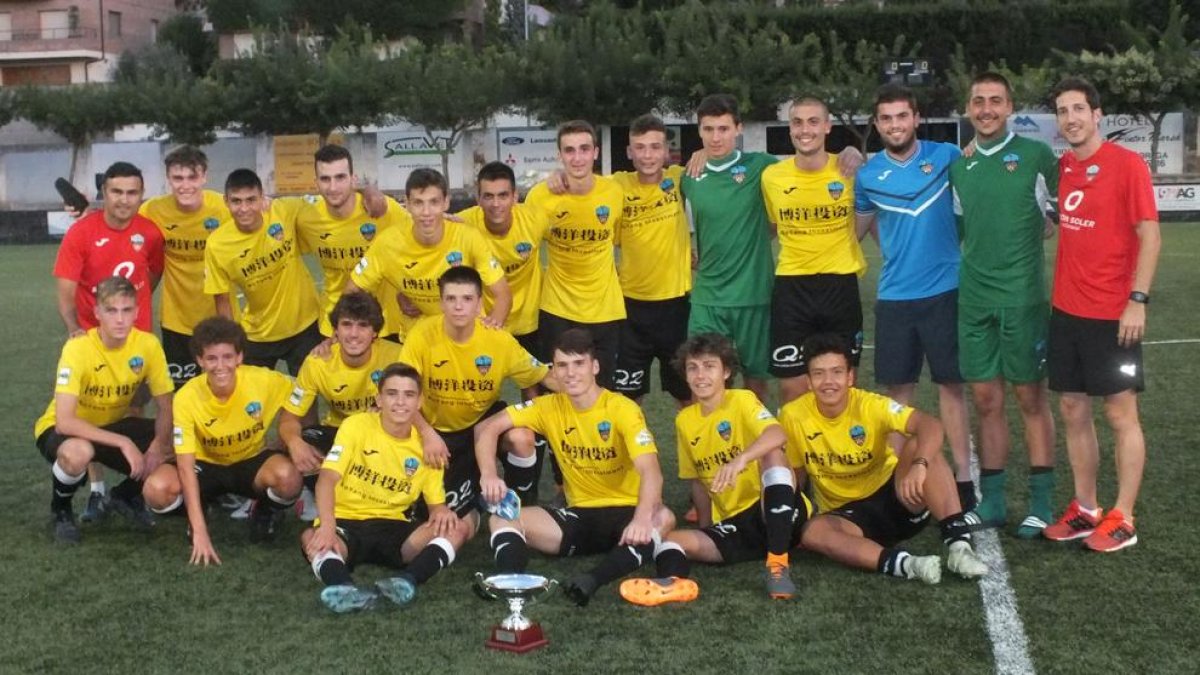 Los jugadores del Lleida Juvenil posan con el trofeo conquistado ayer tras derrotar al Tàrrega.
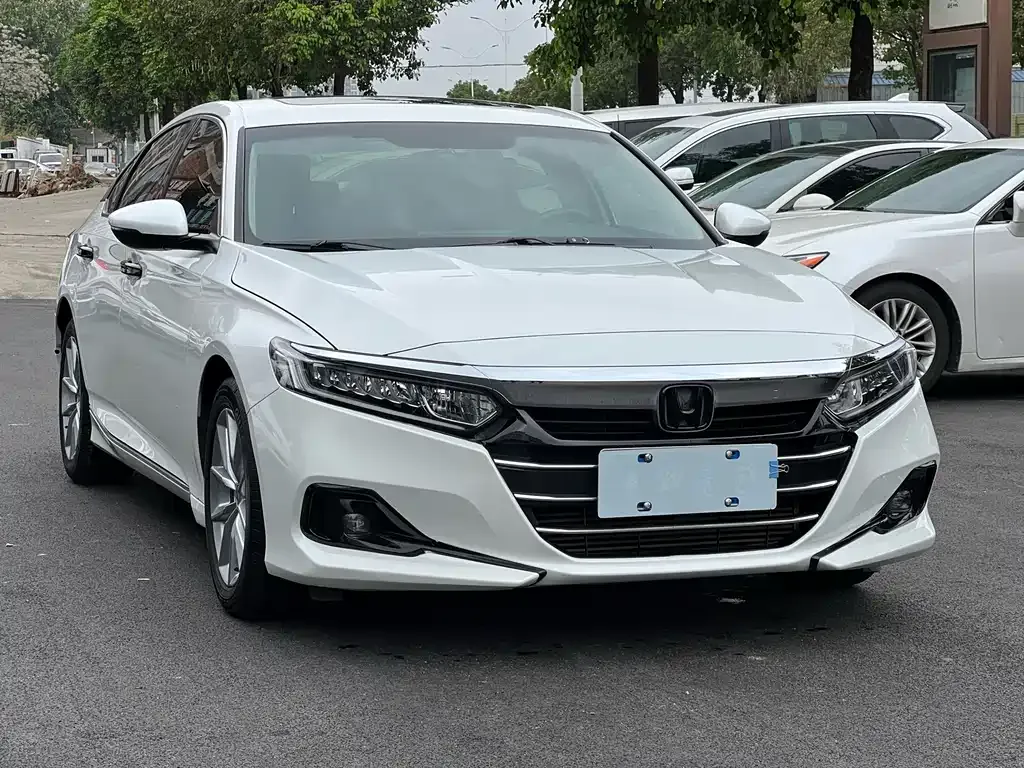 Honda Accord — фото 1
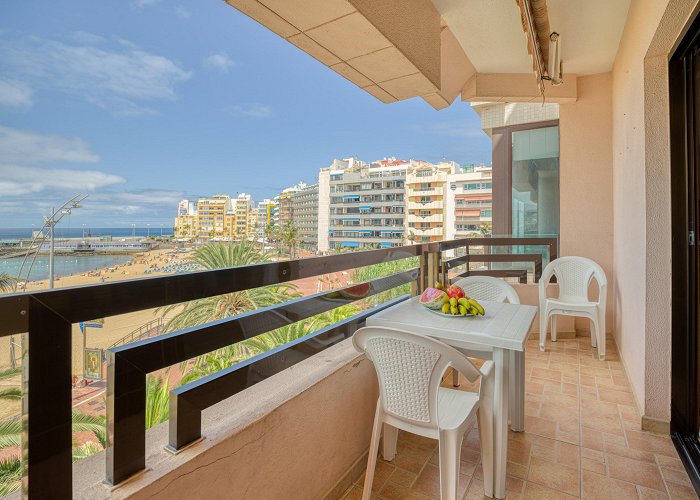 Playa Las Canteras In the front line of Las Canteras Beach | Sagasta 80 photo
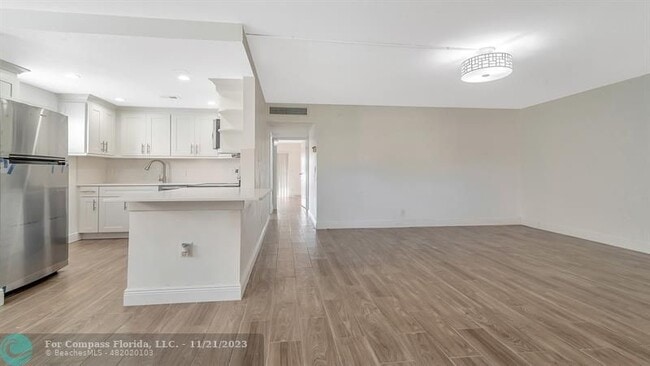 Building Photo - 213 Saxony Ln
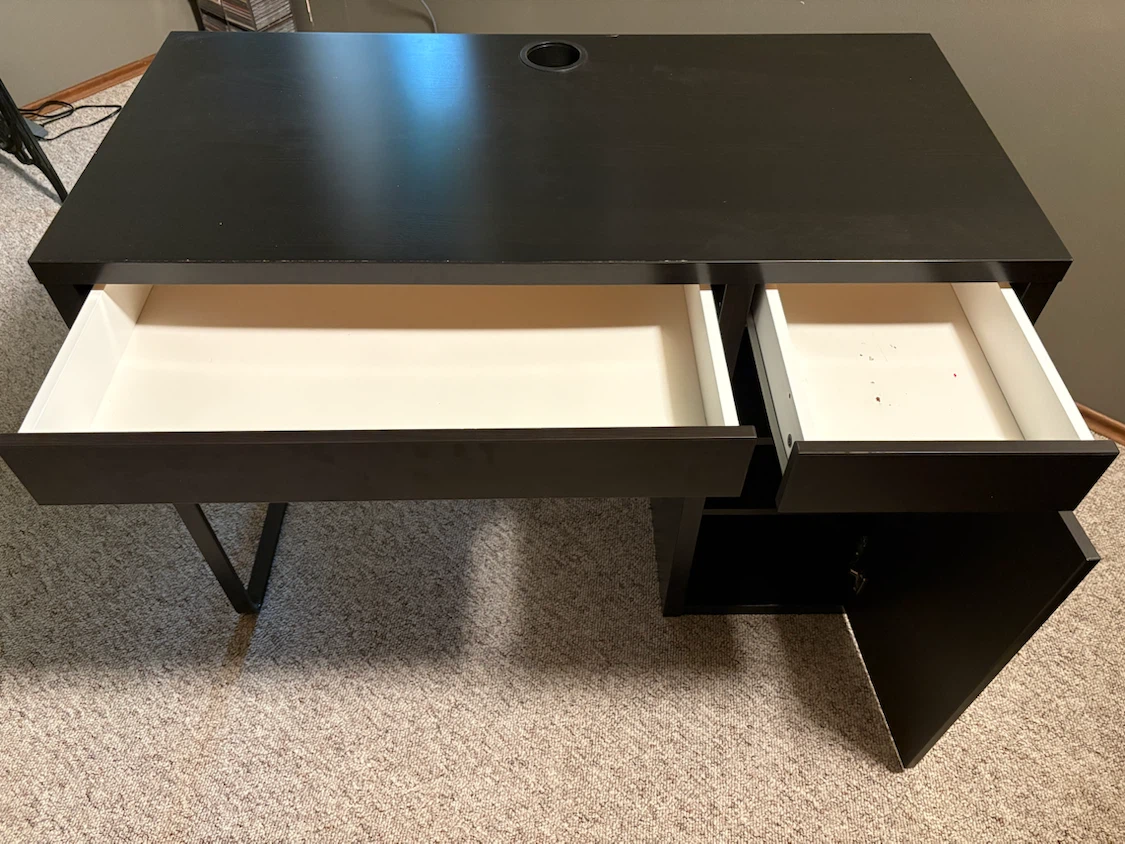 Black Desk with Drawers - photo 2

- - -

- [Task prompt]: An exact copy of the lines above, from the first through the line that holds "Building Photo - 213 Saxony Ln", is what is needed; leave the pictures out.

- [Written answer]:
 Los jugadores del Lleida Juvenil posan con el trofeo conquistado ayer tras derrotar al Tàrrega.
 Honda Accord — фото 1
 Playa Las Canteras In the front line of Las Canteras Beach | Sagasta 80 photo
 Building Photo - 213 Saxony Ln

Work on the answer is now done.